Bei Kindern in verkehrsreichen Stadtteilen wurden wesentlich höhere Benzol- und Toluolkonzentrationen im Blut nachgewiesen als bei ihren Altersgenossen auf dem Land. Entsprechend hoch sind die Belastungen des Fettgewebes und des Knochenmarks. Experten des Länderausschusses für Immissionsschutz (LAI) gehen von einem fünfmal höheren Krebsrisiko in der Stadt aus. Die Kindergesundheit, so werden kritische Stimmen laut, wird bisher nur unter technischen und Kostengesichtspunkten diskutiert, die Vorsorge kommt meist zu kurz.

Der längst überfällige Entwurf zur 23. Bundesimmissionsschutzverordnung ist vom Kabinett verabschiedet. Er hängt nun seit Monaten im Bundesrat fest. Die Landesregierungen scheuen vor allem die Meßkosten. Kritiker bemerken zudem, die Lobby der Automobilhersteller habe die Verordnung ohnehin verwässert. Der im Entwurf angestrebte Grenzwert von 10 Mikrogramm Benzol pro Kubikmeter soll erst ab Sommer 1998 in Kraft treten. Im nächsten Jahr wird übergangsweise ein Wert von 15 Mikrogramm eingeführt. Diese Werte aber erscheinen vielen Fachleuten ohnehin indiskutabel. Der LAI hatte einen „Ziel- und Orientierungswert“ von 2,5 Mikrogramm pro Kubikmeter Luft festgesetzt.

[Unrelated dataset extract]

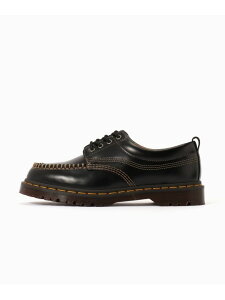 Dr.Martens / �h�N�^�[�}�[�`�� Lowell 4 Eye Shoes JOURNAL STANDARD �W���[�i�� �X�^���_�[�h �V���[�Y�E�C ���̑��̃V���[�Y�E�C �u���b�N�y���������z[Rakuten Fashion]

Das Bundesimmissionsschutzgesetz sieht den Einsatz aller nach dem Stand der Technik möglichen Mittel zur Begrenzung von Luftschadstoffen vor, gefördert insbesondere durch die Festlegung von Grenzwerten. Die bisher diskutierten Werte aber setzen weder Fahrzeug- noch Mineralölhersteller besonders unter Druck. So können umweltfreundliche Projektstudien weiterhin wie bisher direkt von der Entwicklungsabteilung ins Museum wandern.